Brothers begins with two siblings heading off on a -ahem- Journey, in order to save their sick father’s life. What begins as an emotionally heavy handed intro about parental misfortune quickly turns into something infinitely more lighthearted. Granted, it doesn’t stay that way for long, but it serves the game well to feel connected to these characters in such a pleasant way so early on..
Heading into the game with basically zero prior knowledge, I had no idea that you controlled two characters, and that the entire game only required four buttons on the entire controller. Each analog stick is the control for one brother, and each is assigned one trigger which acts as a catch all for any action they will take throughout the game. It was an entirely revelatory moment that I rarely have in games. How often does a game, within the first second of gameplay, introduce a mechanic that’s entirely unheard of in modern game design?
By controller two characters with unique personalities throughout the whole game, you’re given a multitude of opportunities to experiment with them. In beginning town, each brother can perform a single unique action with every villager. On pressing the older brother’s trigger while next to the old lady, he’ll pull out the map and ask for directions. Have the younger brother perform his action with the same lady, and he’ll grab her rocking chair and sway it back and forth to her amusement. Each brother has such a unique personality, half of the game is seeing what actions they’ll take with every single person/object in the game, and it’s all entirely optional. You can easily choose to skip out on all of the well crafted animations and tiny bits of character development, but if you’re into that, I think you’re already playing the wrong game.
Controlling two characters simultaneously for an entire game might seem like an exhausting task, but luckily there is never any more dexterity required of you than what you’re capable of.
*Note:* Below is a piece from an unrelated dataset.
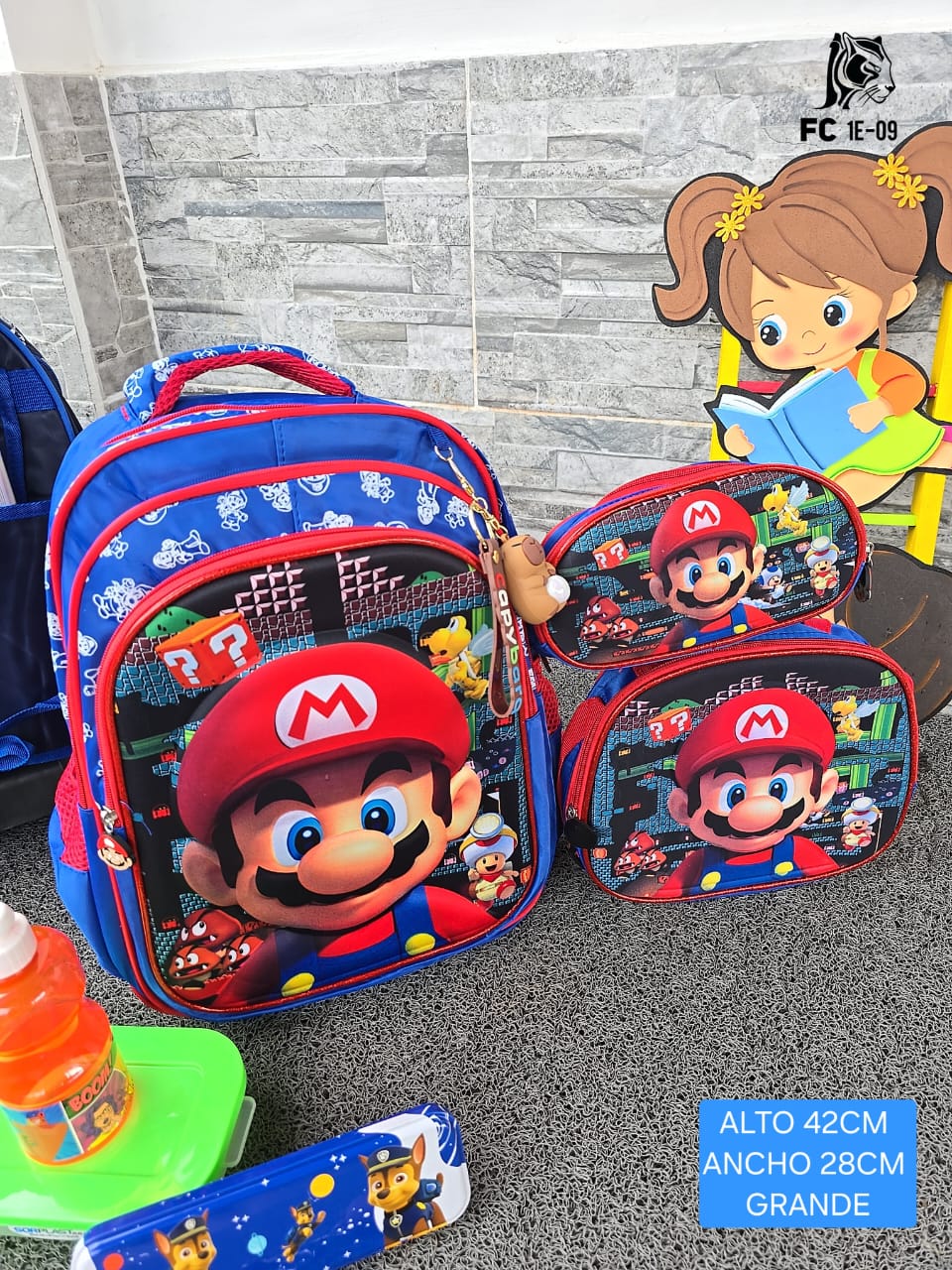 PROMO bolso morral trio niño importado + obsequio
Tasks remain relatively simple, yet satisfying, throughout, and the most exhilarating parts of the game are still accomplished by slightly moving each analog stick and holding down a trigger. It’s not tough, and the game eases you into the scheme so well that even though you may not master it by the end, you’ll feel like you played your part well. The puzzles are well suited to the controls as well. Solving puzzles by yourself by controlling a team leads to some really interesting situations, and the solutions are just as satisfying to come up with as they are execute, even with the simplistic “boss” encounters. One specific fight, however, feels a little too reminiscent of Limbo for its own good, and is a little disappointing for how original the other 99% of the game is.
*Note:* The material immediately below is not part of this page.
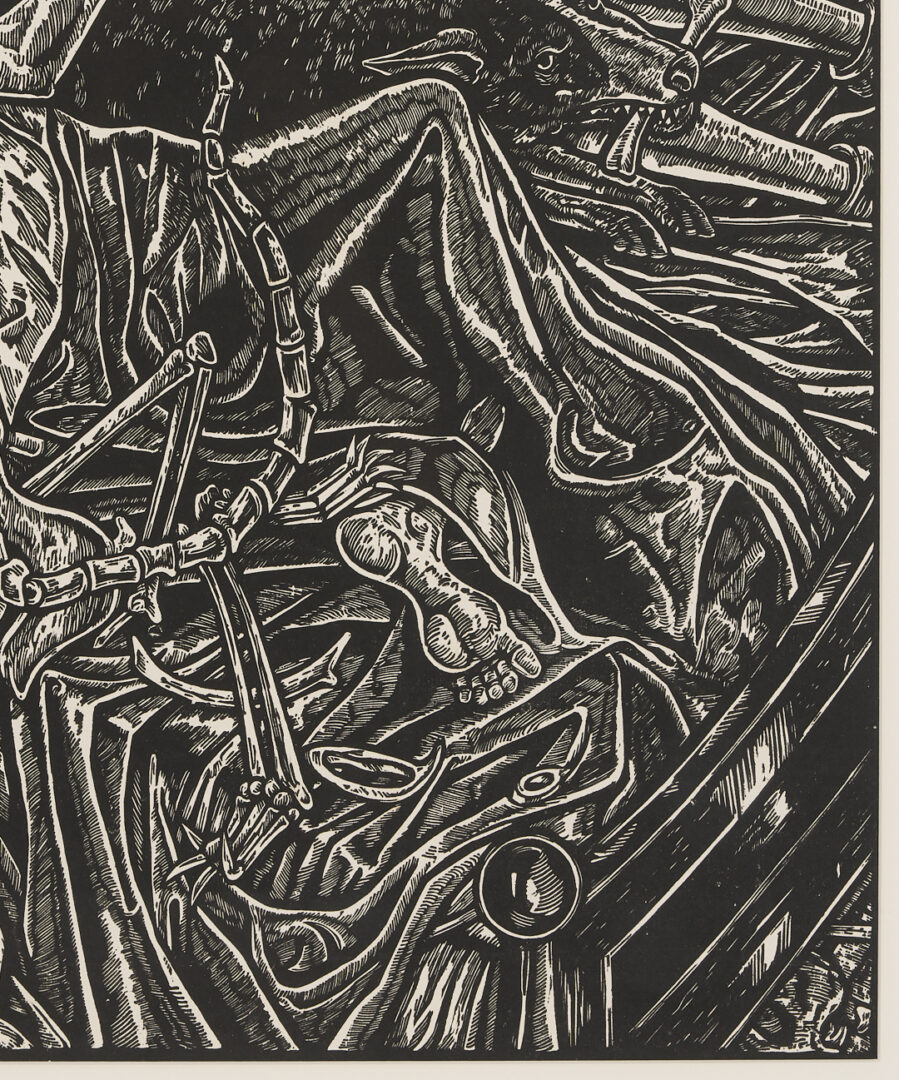 Lot 732: Tom Huck Woodcut, Bed of Bones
The game’s striking attention to detail is its strongest point. While the globe-spanning places the Brothers go are intensely gorgeous, it’s the little things that remain the most memorable. At one point in the game, a friendly fowl meets its end, and a feather is left on the ground next to it. To my surprise, I was able to instruct the little brother to pick up the feather and carry it with me. A moment later I found the two crossing over a bridge high up in the sky. I released the right trigger, and the boy let the feather fly off the bridge, and I watched it dance across the sky, as some kind of final memorial for a fallen ally. It was one of the most memorable moments from anything I’ve played this year, and the game allowed me to do it. I didn’t get an achievement, there was no bonus dialogue, it didn’t change the story- but it meant something to me.
Brothers takes the pair across a huge fantasy world filled with a variety of beautiful environments and imaginative creatures. Without spoiling too much, figuring out how to scale a massive castle with only a small rope was probably the most brilliant, rewarding part of the game. Spanning an entire world, the pacing always feel meticulous, and you’re never in one place for too long. The short length of the game keeps everything moving at just the right speed, in a bigger budget game, each area would probably be twice the length.
However, the short running time, about 3 hours, was one of the only problems I had with Brothers. As the grand adventure winds down to a close, the game pulls some emotional punches that would have worked better had you gotten to know the characters more over a slightly longer game. Even if it were another couple hours, if the level of creativity had stayed intact, I believe it would have made for a more complete experience. Though I appreciated the attempts made with the ending, it didn’t strike me half as hard as say, Journey. Journey is designed to be a shorter experience, and feels indescribably rewarding. Brothers almost feels rushed in its final half hour, leaving what could have been a easy candidate for Game of the Year to feel slightly underwhelming in its conclusion.
Brothers may not be a perfect game, but it has more innovation in three hours than most games do in twenty. If you’re up for a game with an almost perfect blend of Journey, a little Limbo, and the atmosphere of a Team Ico game, you’re in luck.
Brothers: A Tale of Two Sons is currently available to download from the Xbox Live Marketplace for $15, will be coming to PC on August 28, and PSN on September 3.